In the northern hemisphere it’s the time of year when many doctoral researchers are thinking about the places where they are hoping to do their research. As I’m writing about this very topic at the moment, I’ve decided to post some of the things I’m writing. The book is about methods and is intended for people who are doing relatively small-scale studies.
There is a lot of talk in research methods books about “access” to a research “site”. I have some concerns about these terms.
My concerns are not about semantics. The words we use reflect deep, and often implicit and unexamined positions – they are both ontological and epistemological, that is, as they relate to the ways in which we understand the world and the ways in which we think about research and ourselves as researchers. The words we use, in our research proposals and methods thinking and writing, position us in particular ways. Now, don’t get me wrong. I’m not saying that these words are incorrect and that you ought never to use them. I’m simply suggesting that it is useful that we subject our taken-for-granted terms to some scrutiny.
Let’s start with “site”. The notion of the “site” is somewhat ambiguous. Dictionary definitions of the word site usually highlight its material nature – it is a plot of ground, a location, a material address. Think of other words that are commonly attached to “site” – burial site, a building site, the site of the action, a website – and see the meaning. The site is where the action – burial, building, web – takes place.
The problem with simply saying “site” as a stand-alone word, is that it positions the school/hospital/museum/office/mall as an abstract object. “Site,” as a stand-alone term, dehumanizes what the researcher hopes to study. It is merely the ground on which the researcher will act, because they are the one who has declared the school/hospital/museum/office/mall a “site”. The people in the actual place still see it as a school/hospital/museum/office/mall, as they did before the researcher came, and as they will after they leave. The term “site” by itself, or when coupled with “research” can fail to acknowledge that the school/hospital/museum/office/mall is not simply the ground on which the researcher walks, but is also a place already occupied by people, social relations, history/ies and stories.
Furthermore, a “site” suggests something boundaried and discrete. But any school/hospital/museum/office/mall is not an island. It is engaged in multiple ‘stretched out relations’ in time/space. Where it is cut off from ‘an outside’ that is something for us to investigate, not replicate.
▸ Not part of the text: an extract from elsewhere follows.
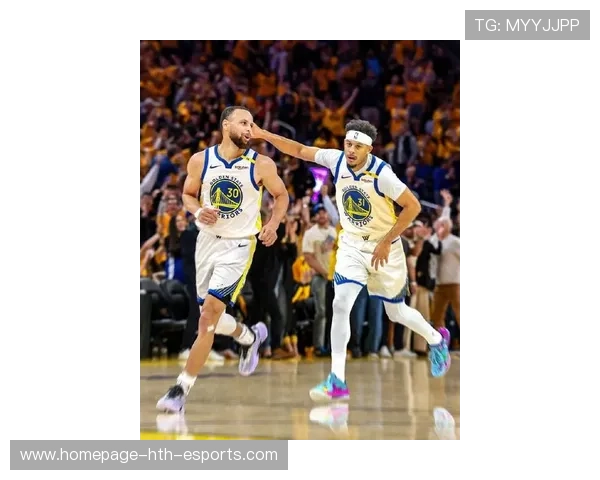 库里与新内线默契逐步建立 库里与新内线默契逐步建立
Depending on its usage, the term “sample” may well continue to objectify the school/hospital/museum/office/mall. The dictionary definition is helpful here too. A sample is defined as a small part of something intended to illuminate the whole; it is a piece, of something larger, which is to be analysed. The passive sentence construction here is revealing. If we make the above phrases active – a sample is a small part of something that the researcher has selected and worked on in order to illuminate the whole, it is a piece of something larger which the researcher will analyse – then the agency of the researcher, and the inert and passive nature of that which is sampled, are clear. But a school/hospital/museum/office/mall is not inert. It is not the same as a sample of tissue or soil or handwriting. There are people in the school/hospital/museum/office/mall who have their own analyses of what is going on there, and why – and they have the power to choose whether we can be part of their world, and if so, what about themselves and their organisation that we can see and interact with.
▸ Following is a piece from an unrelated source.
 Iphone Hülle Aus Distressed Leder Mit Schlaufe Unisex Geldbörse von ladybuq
The terms “site” and “sample” are drawn from particular traditions of research. Archeologists work on sites. Laboratories work on samples. It is worth thinking about how much these terms really are applicable to work in a school/hospital/museum/office/mall and in libraries and archives. Of course, it is often necessary to use these terms, say for instance when talking with funders who expect us to use this kind of language. However, we can also – and at the same time – use alternative words that do not objectify and de-humanise and which instead acknowledge the agency and rights of those we want to participate in our research project.
I prefer to think about building a research relationship. To continue with definitions, a dictionary version of relationship has it as both a connection between two or more people or things, and also the ways in which people or groups and/or things behave with, feel about, deal with, interact with, and regard each other. Let’s take that a bit further. What else is there about relationships that might be instructive? Relationships change, they are not fixed. Relationships can be good or bad, exciting or dull, productive or unproductive, sad or happy, long lasting or short-lived, faulty or perfect. The way that relationships work out depends on the ways in which the initial encounter occurs, the expectations and agreements that are made about conduct (or not), ongoing interactions, the amount of effort put in… If this is a capital R Relationship, then it is also worth remembering the old truism that it takes two to make one work, and that keeping the Relationship going requires continuous attention. A relationship is not a one-off event.
These qualities of a relationship (and Relationship) – mutuality and reciprocity, contingency, requiring ongoing attention in order to be sustained, indeed a kind of fragility – are extremely helpful in orienting a researcher and their research project. If you approach a school/hospital/museum/office/mall thinking of it, not just as a site, a material location, but also as a relationship, then you will be mindful of the other party/ies and their wishes, interests, feelings, knowledge, beliefs, needs and their ongoing programme of activities.